- _Your task_: Could you print the listing again exactly, omitting the pictures?

- _Given information_:

····················

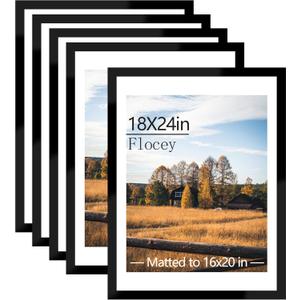 18x24 Picture Frame Set of 5, Black Poster Frame, Display Pictures 16 x 20 with Mat or 18 x 24 Without Mat for Horizontal or Vertical Wall Mounting, Wall Gallery Frame for Artwork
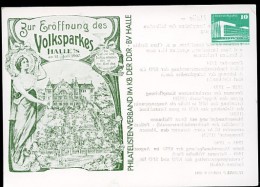 DDR PP18 B2/014 Privat-Postkarte ABKLATSCH Volkspark Halle 1982 - Cartes Postales Privées - Neuves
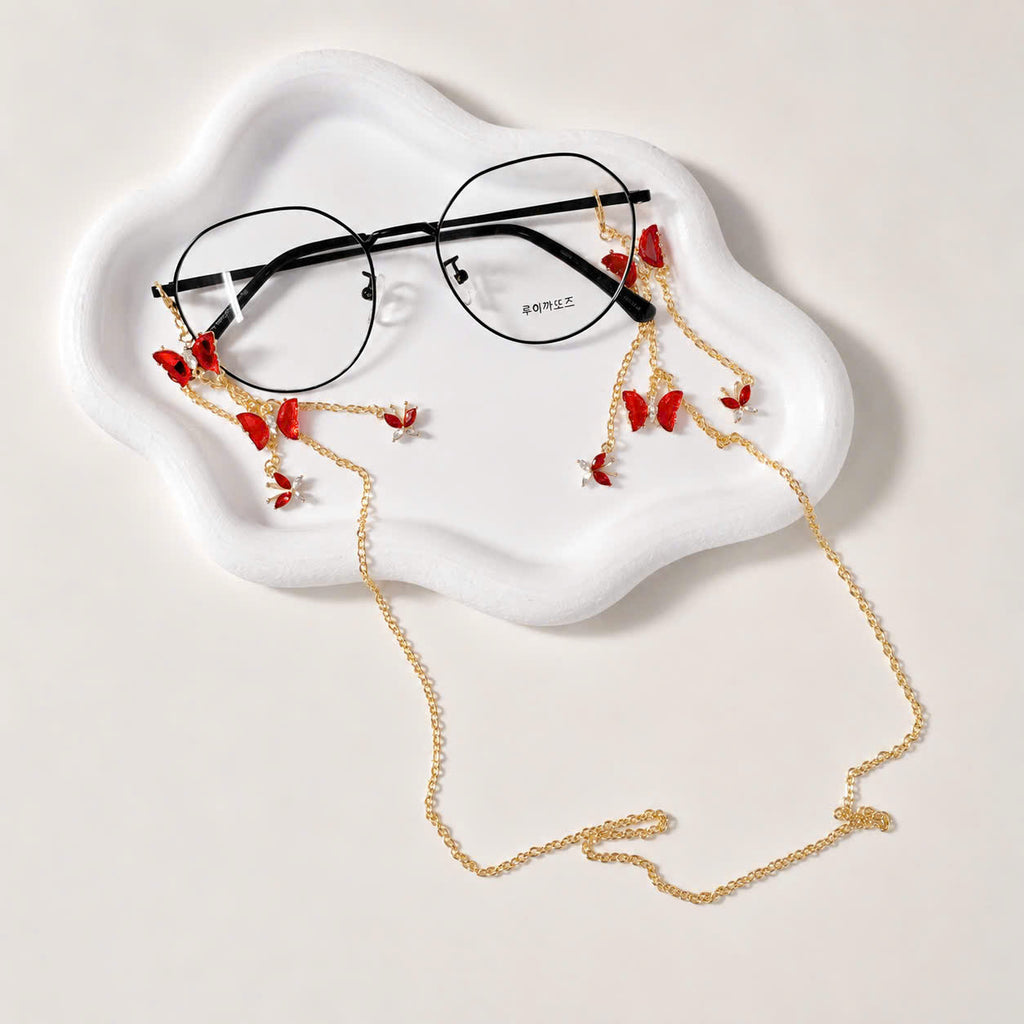 Red Butterfly Gold Glasses Chain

····················

- _Expected answer_:
 18x24 Picture Frame Set of 5, Black Poster Frame, Display Pictures 16 x 20 with Mat or 18 x 24 Without Mat for Horizontal or Vertical Wall Mounting, Wall Gallery Frame for Artwork
 DDR PP18 B2/014 Privat-Postkarte ABKLATSCH Volkspark Halle 1982 - Cartes Postales Privées - Neuves
 Red Butterfly Gold Glasses Chain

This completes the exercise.